3. The method as described in claim 1, wherein, Based on the graph operator information extracted from the nested loop statement and the graph data information of the operator, the selection of optimization parallel strategies from the parallel strategy library includes: The graph operator information and the graph data information are fed into a trained optimization policy prediction model as input, and the output of the optimization policy prediction model is obtained as the parallel optimization policy; or The graph operator information and the graph data information are fed into the optimization strategy decision tree, and the optimization parallel strategy is determined based on the decision of the optimization strategy decision tree.

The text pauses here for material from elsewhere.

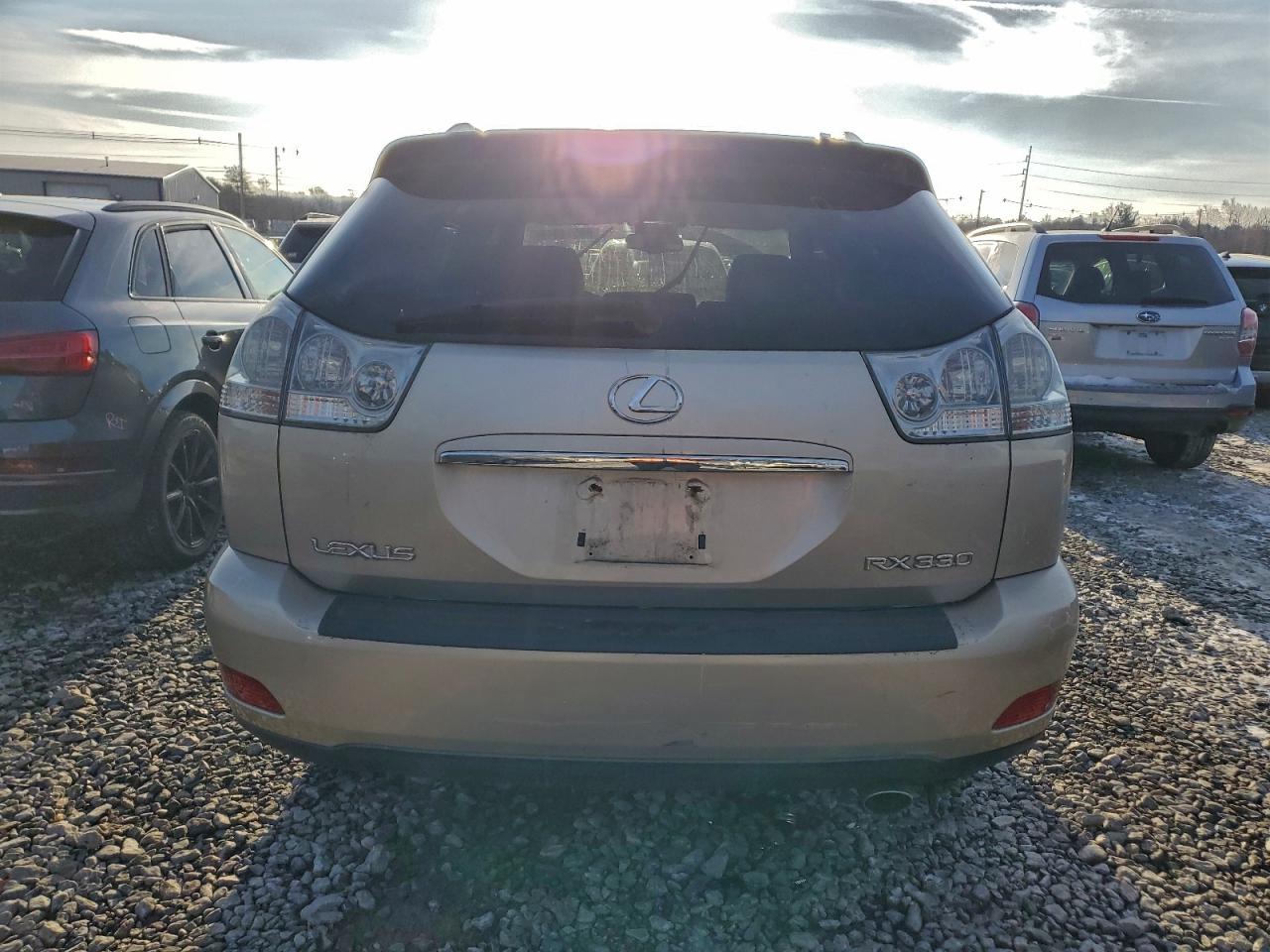 Lexus RX 330 Image 13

4. The method of claim 3, wherein, Generating executable code based on the optimized parallel strategy and nested loop statements based on the preset abstract format includes: When the first operator or the second operator is empty, the first operation statement and the second operation statement are merged. The inner loop statement of the nested loop statement includes the first operation statement defined by the first operator that operates on each edge feature, and the second operation statement defined by the second operator that reduces the transformed features after the edge operation.

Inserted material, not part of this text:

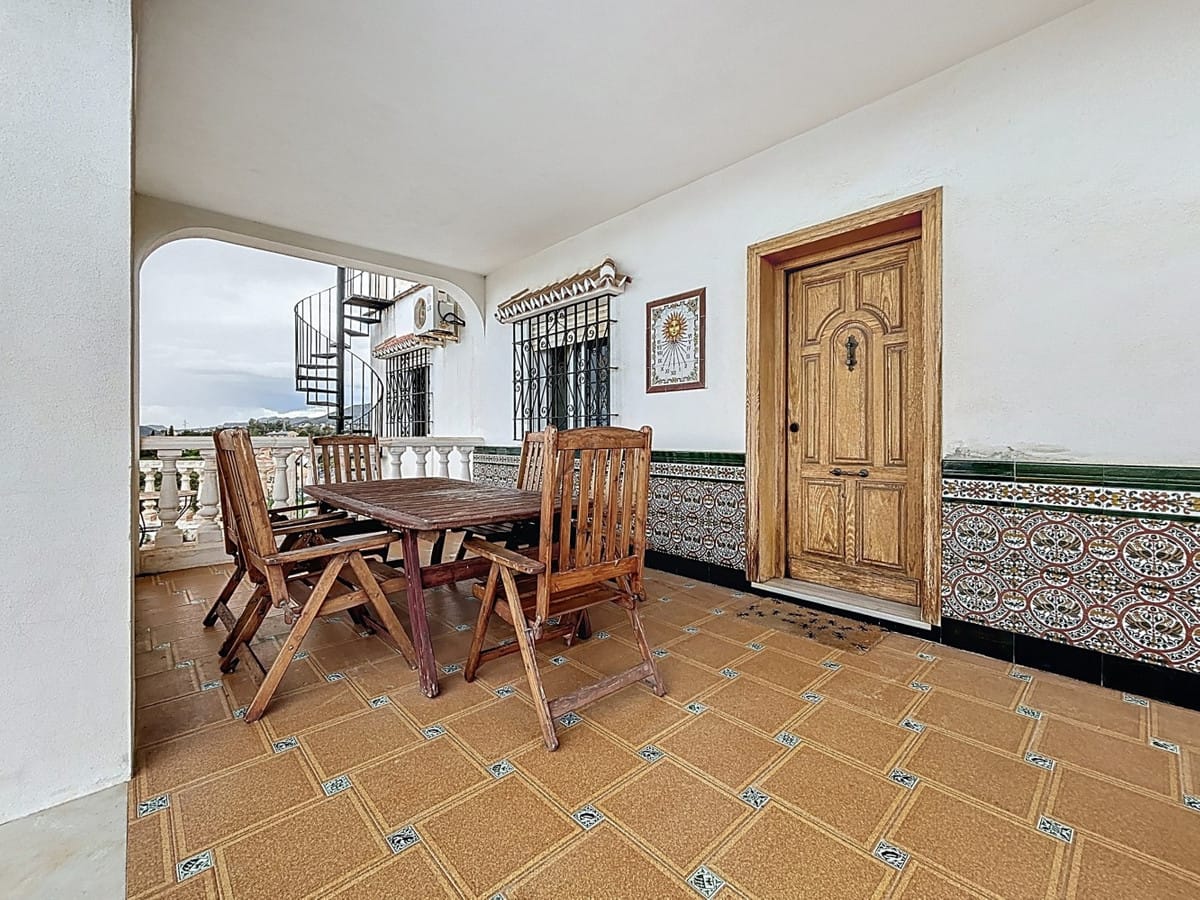 3-slaapkamerchalet in Chilches in Chilches - foto 3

5. A graph neural network inference system, comprising a compiler and an execution unit, wherein, The compiler is used for: Based on a preset abstract format, graph operators for graph neural network computation tasks are represented as nested loop statements. These nested loop statements include an outer loop statement for traversing all vertices in the graph, an intermediate loop statement for traversing the incoming edges of each vertex, and an inner loop statement for representing specific operations of a particular operator. The inner loop statement is used for traversal along the feature dimension and includes a first operation statement defined by a first operator operating on each edge feature, and a second operation statement defined by a second operator reducing the transformed features after edge operations. The nested loop statements also include a first input embedding tensor, a second input embedding tensor, and a third input embedding tensor. In the first operation statement, the first operator is used to operate on the first and second input embedding tensors. In the second operation statement, the second operator is used to operate on the third input embedding tensor. Each of the first, second, and third input embedding tensors is one of the following: a source vertex embedding tensor, a target vertex embedding tensor, an edge embedding tensor, or an empty space. Based on the graph operator information extracted from the nested loop statement and the graph data information of the operator, an optimized parallel strategy is selected from the parallel strategy library. The parallel strategy library includes at least two of the following: a thread-edge strategy in which one thread executes all operations on one edge; a thread-vertex strategy in which one thread executes all operations on one vertex; a thread-beam-edge strategy in which a thread bundle executes all operations on one edge; and a thread-beam-vertex strategy in which a thread bundle executes all operations on one vertex. The execution unit is used for: Executable code is generated based on the optimized parallel strategy and nested loop statements based on the preset abstract format; and the executable code is executed by dedicated hardware for neural network computing.

6. A computing device, comprising: processor; as well as A memory having executable code stored thereon, which, when executed by the processor, causes the processor to perform the method as described in any one of claims 1 to 4.

7. A non-transitory machine-readable storage medium having executable code stored thereon, which, when executed by a processor of an electronic device, causes the processor to perform the method as described in any one of claims 1 to 4.